We need to define a multifield for state and set it to not_analyzed
. This
will prevent New York
from being analyzed, which means it will stay a single
token in the aggregation. Let’s try the whole process over, but this time
specify a raw multifield:
DELETE /agg_analysis/
PUT /agg_analysis
{
"mappings": {
"data": {
"properties": {
"state" : {
"type": "string",
"fields": {
"raw" : {
"type": "string",
"index": "not_analyzed"(1)
}
}
}
}
}
}
}
POST /agg_analysis/data/_bulk
{ "index": {}}
{ "state" : "New York" }
{ "index": {}}
{ "state" : "New Jersey" }
{ "index": {}}
{ "state" : "New Mexico" }
{ "index": {}}
{ "state" : "New York" }
{ "index": {}}
{ "state" : "New York" }
GET /agg_analysis/data/_search
{
"size" : 0,
"aggs" : {
"states" : {
"terms" : {
"field" : "state.raw" (2)
}
}
}
}
-
This time we explicitly map the state field and include a
not_analyzed
sub-field. -
The aggregation is run on state.raw instead of state.
Now when we run our aggregation, we get results that make sense:
{
...
"aggregations": {
"states": {
"buckets": [
{
"key": "New York",
"doc_count": 3
},
{
"key": "New Jersey",
"doc_count": 1
},
{
"key": "New Mexico",
"doc_count": 1
}
]
}
}
}
In practice, this kind of problem is easy to spot. Your aggregations will simply return strange buckets, and you’ll remember the analysis issue. It is a generalization, but there are not many instances where you want to use an analyzed field in an aggregation. When in doubt, add a multifield so you have the option for both.
While the first problem relates to how data is aggregated and displayed to your user, the second problem is largely technical and behind the scenes.

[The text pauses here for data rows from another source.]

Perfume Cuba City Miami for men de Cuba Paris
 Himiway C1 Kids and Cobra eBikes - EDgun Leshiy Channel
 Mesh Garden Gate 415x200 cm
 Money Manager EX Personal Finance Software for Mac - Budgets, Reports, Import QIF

Doc values do not support analyzed
string fields because they are not very efficient
at representing multi-valued strings. Doc values are most efficient
when each document has one or several tokens, but not thousands as in the case
of large, analyzed strings (imagine a PDF body, which may be several megabytes
and have thousands of unique tokens).
For that reason, doc values are not generated for analyzed
strings. Yet these fields
can still be used in aggregations. How is that possible?
The answer is a data structure known as fielddata. Unlike doc values, fielddata
is built and managed 100% in memory, living inside the JVM heap. That means
it is inherently less scalable and has a lot of edge-cases to watch out for.
The rest of this chapter are addressing the challenges of fielddata in the context
of analyzed
strings
Note
|
Historically, fielddata was the default for all fields, but Elasticsearch has been migrating towards doc values to reduce the chance of OOM. Analyzed strings are the last holdout where fielddata is still used. The goal is to eventually build a serialized data structure similar to doc values which can handle highly dimensional analyzed strings, obsoleting fielddata once and for all. |
There is another reason to avoid aggregating analyzed fields: high-cardinality fields consume a large amount of memory when loaded into fielddata. The analysis process often (although not always) generates a large number of tokens, many of which are unique. This increases the overall cardinality of the field and contributes to more memory pressure.
Some types of analysis are extremely unfriendly with regards to memory. Consider an n-gram analysis process. The term New York might be n-grammed into the following tokens:
-
ne
-
ew
-
w{nbsp}
-
{nbsp}y
-
yo
-
or
-
rk
You can imagine how the n-gramming process creates a huge number of unique tokens, especially when analyzing paragraphs of text. When these are loaded into memory, you can easily exhaust your heap space.
So, before aggregating string fields, assess the situation:
-
Is it a
not_analyzed
field? If yes, the field will use doc values and be memory-friendly -
Otherwise, this is an
analyzed
field. It will use fielddata and live in-memory. Does this field have a very large cardinality caused by ngrams, shingles, etc? If yes, it may be very memory unfriendly.